David R. Kotok cofounded Cumberland Advisors in 1973 and has been its Chief Investment Officer since inception. He holds a B.S. in economics from The Wharton School of the University of Pennsylvania, an M.S. in organizational dynamics from The School of Arts and Sciences at the University of Pennsylvania, and a masters in philosophy from the University of Pennsylvania.

Mr. Kotok’s articles and financial market commentary have appeared in The New York Times, The Wall Street Journal, Barron's, and other publications. He is a frequent contributor to Bloomberg TV and radio, CNBC TV programs, Fox Business, Yahoo Finance and others.

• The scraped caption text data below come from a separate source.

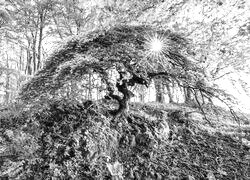 Szary + Sepia
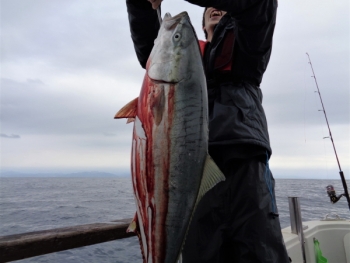 鯛紅丸 釣果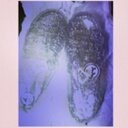 Kaci Cooper - @kacizopq1928 - Twitter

Mr. Kotok currently serves as a Director and Program Chairman of the Global Interdependence Center (GIC) (www.interdependence.org), whose mission is to encourage the expansion of global dialogue and free trade in order to improve cooperation and understanding among nation states, with the goal of reducing international conflicts and improving worldwide living standards. Mr. Kotok chairs its Central Banking Series, and organized a five-continent dialogue held in Philadelphia, Paris, Zambia (Livingstone), Hanoi, Singapore, Prague, Capetown, Shanghai, Hong Kong, Rome, Milan, Tallinn, and Santiago, Chile. He has received the Global Citizen Award from GIC for his efforts.

Mr. Kotok is a member of the National Business Economics Issues Council (NBEIC), the National Association for Business Economics (NABE), serves on the Research Advisory Board of BCA Research, and is also a member of the Philadelphia Council for Business Economics (PCBE).

Mr. Kotok has served as a Commissioner of the Delaware River Port Authority (DRPA) and on the Treasury Transition Teams for New Jersey Governors Kean and Whitman. He has also served as a board member of the New Jersey Economic Development Authority and as Chairman of the New Jersey Casino Reinvestment Development Authority.

Mr. Kotok hosts an annual Maine fishing trip, where, it is rumored, most of the nation’s important financial and economic decisions are actually made.